Zachęcam także do zapoznania się materiałami dotyczącymi innych gier od “Free League Publishing”, czyli między innymi systemów “Jedyny Pierścień”, “Mork Borg” oraz “Dragonbane” (część pierwsza i część druga).

W trakcie pisania tekst znacznie mi się rozrósł. Dlatego postanowiłem rozbić go na dwie części. Ostatnio mogliście przeczytać o świecie “The Walking Dead”, o typach rozgrywki, postaciach i ich Schronieniach. Dziś natomiast przyjrzymy się mechanice, walce ze szwędaczami, i trybowi solo.
Korzystając z poniższego linka, możecie przejść do drugiej części tekstu.

Mechanika

The Walking Dead” korzysta z dobrze znanej w naszym kraju mechaniki Year Zero Engine. To, co znajdziemy w podręczniku pozornie najbardziej będzie przypominać zasady, które pojawiły się w “Obcy: Gra Fabularna”, ale autorzy tej wersji gry sporo pozmieniali i wprowadzili wiele, nowych elementów tak, by dopasować system do uniwersum i do nieco bardziej brutalnej i mniej realistycznej rozgrywki. Ale po kolei:
Rdzeń gry opiera się ponownie o rzut pulą k6 równą sumie atrybutu, umiejętności, oraz punktów Stresu i różnych premii (na przykład celności broni). Aby zdać test, trzeba wyturlać na zebranych kostkach co najmniej tyle “szóstek”, ile wynosi poziom trudności testu. Zwykle jest to jeden, ale w wypadku szczególnie wyczynowych akcji, które chcą podjąć gracze, PT może wzrosnąć do dwóch albo trzech.
Gracz ma prawo jednokrotnego forsowania, czyli przerzutu wszystkich kości, na których nie wypadła “szóstka”. Kosztem tej deklaracji jest natychmiastowe otrzymanie punktu stresu.

Stres

Podobnie jak w “Obcym”, częścią puli, którą rzucamy w trakcie testu, zwykle są Kości Stresu. Mamy na nich dwa ciekawe mechanicznie wyniki: “jedynkę” oznaczającą pojawienie się Komplikacji (Messing up) oraz “szóstkę” dającą kolejny sukces (podbramkowa sytuacja może działać motywująco). Dodatkowo “jedynka” na pierwszym rzucie testu powoduje brak możliwości jego sforsowania. Co ważne, postać otrzymuje punkty Stresu nie tylko podczas forsowania. Wzrost ich ilości spowodowany jest także na przykład przez:

  • bycie zaatakowanym przez szwędacze,
  • zabicie kogoś z zimną krwią,
  • zobaczenie, jak ktoś z grupy zostaje
  • Pokonany lub pogryziony przez zombie,
  • bycie samemu Pokonanym lub pogryzionym,
  • silne emocje (na przykład bycie odrzuconym przez ukochaną osobę)

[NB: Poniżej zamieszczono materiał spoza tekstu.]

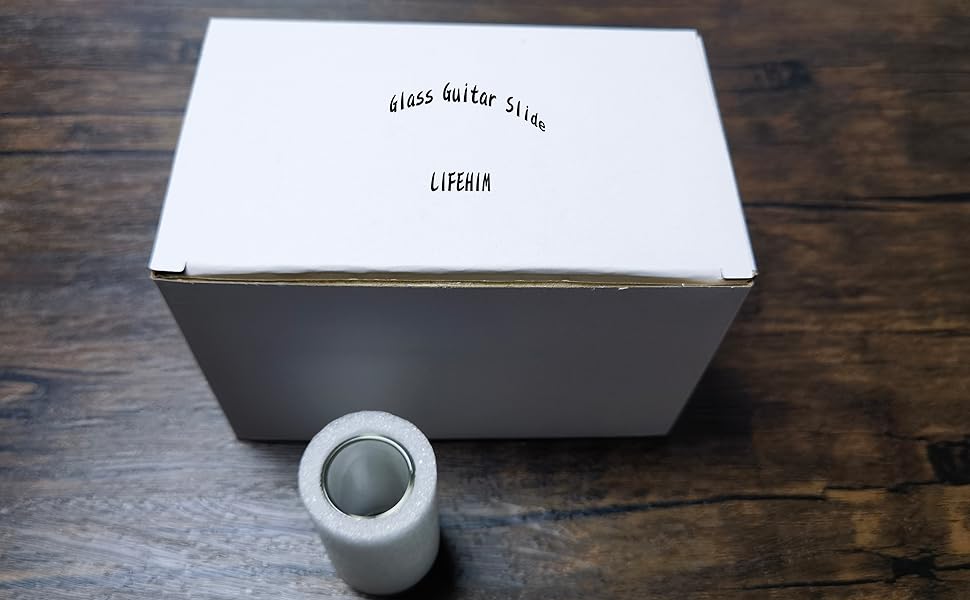 Glass Guitar Slides for Electric and Acoustic Medium Glass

Nagromadzony stres możemy także oczywiście redukować i gra daje nam tu trzy możliwości: krótka i krzepiąca interakcja z inną postacią (1 punkt Stresu), całonocny odpoczynek (usuwamy ilość punków równą niższemu z w wyników na rzucie 2k6) oraz przynosząca ulgę czas (cała scena) spędzony z jedną z naszych Kotwic (cały Stres).

Komplikacje

Komplikacje (Messing up) to różnego typu efekty wywołane przez brak koncentracji spowodowany stresem. Zwykle konsekwencje takiej wtopy obejmują na przykład: zaalarmowanie pobliskich szwędaczy (Zagrożenie rośnie o 1), przypadkowe wpadnięcie na nieumarłych, skutkujące wystawieniem się na pojedynczy atak (więcej o nich w części o walce), obrażenie kogoś, lub uszkodzenie przedmiotu. Co ważne, wyrzucenie Komplikacji nie musi oznaczać niezdania testu i jeżel mimo “jedynki” Kości Stresu nadal mamy odpowiednią ilość “szóstek”, to nasze działanie kończy się powodzeniem, ale ma ono swoją cenę.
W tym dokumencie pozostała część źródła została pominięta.